**Input data:**
□ □ □ □ □ □ □

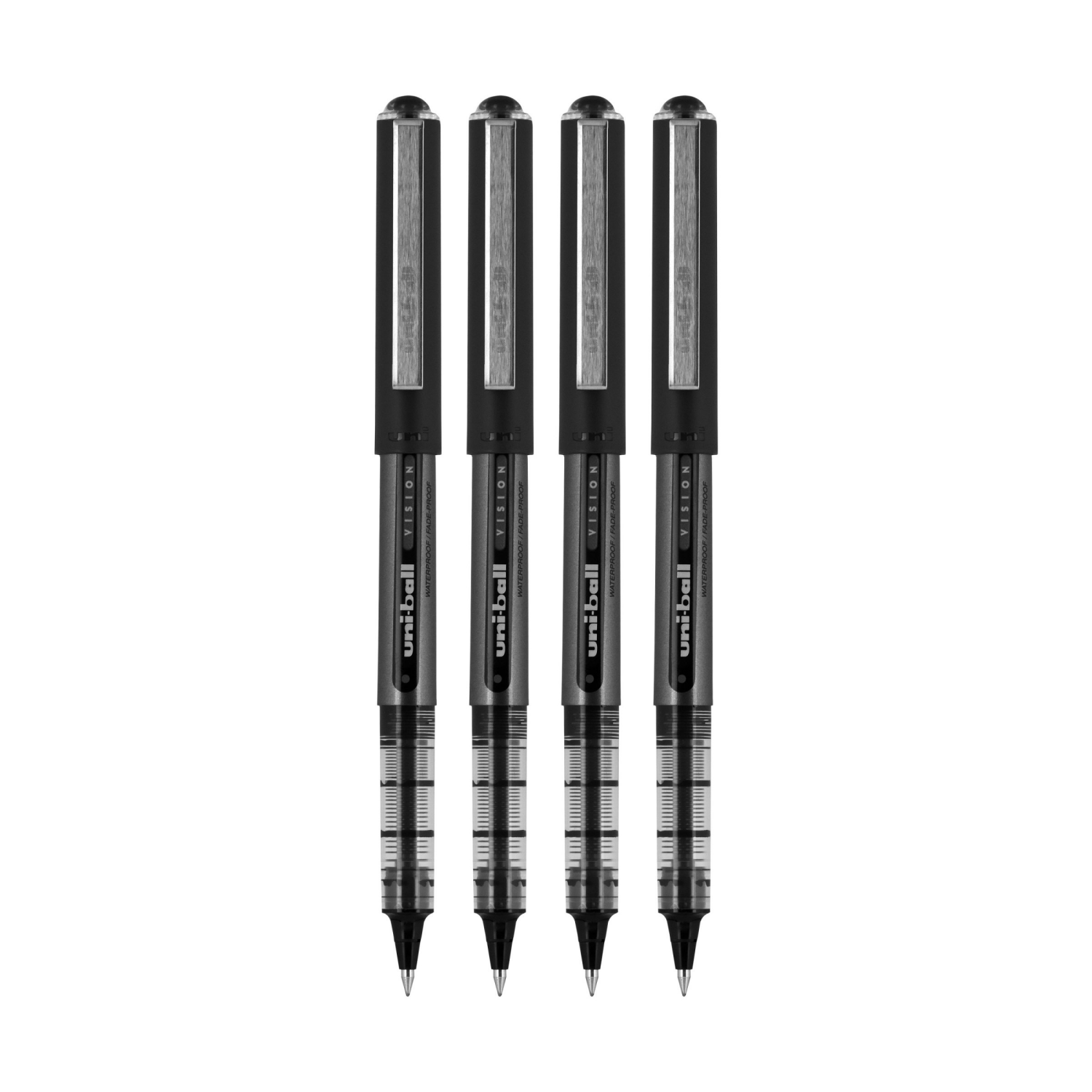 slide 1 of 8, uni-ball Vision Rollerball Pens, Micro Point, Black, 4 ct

□ □ □ □ □ □ □

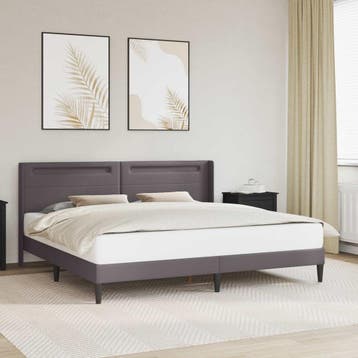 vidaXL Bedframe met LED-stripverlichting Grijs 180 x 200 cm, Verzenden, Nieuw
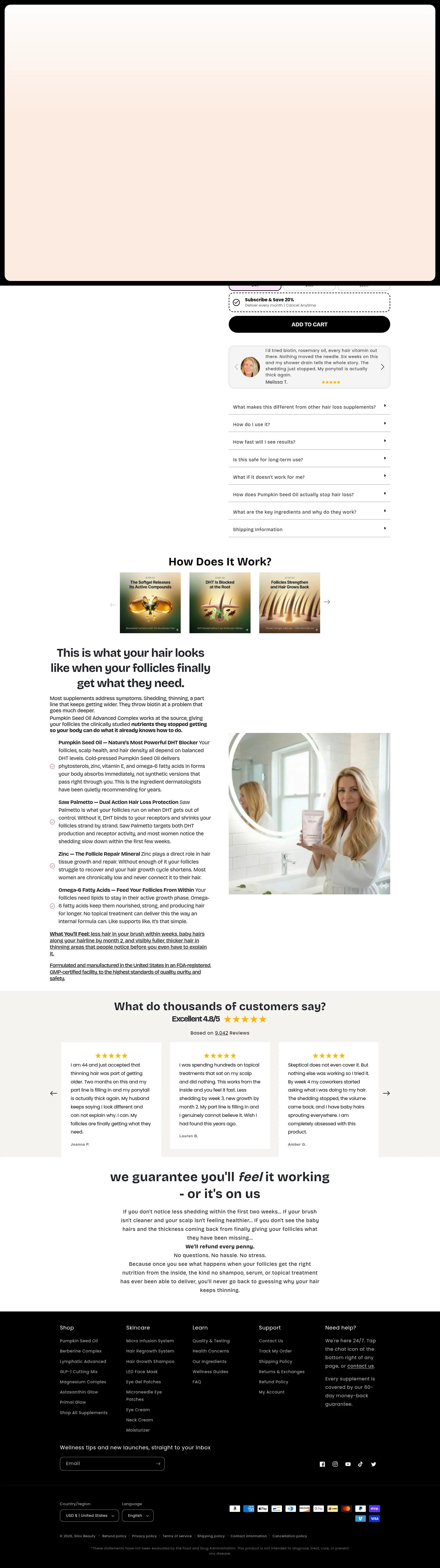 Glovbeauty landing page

□ □ □ □ □ □ □

**What is required:** In the listing above, find the line with "vidaXL Bedframe met" and the line with "Glovbeauty landing page". Transcribe those two and everything between, exactly, leaving out pictures.

**Result of the exercise:**
 vidaXL Bedframe met LED-stripverlichting Grijs 180 x 200 cm, Verzenden, Nieuw
 Glovbeauty landing page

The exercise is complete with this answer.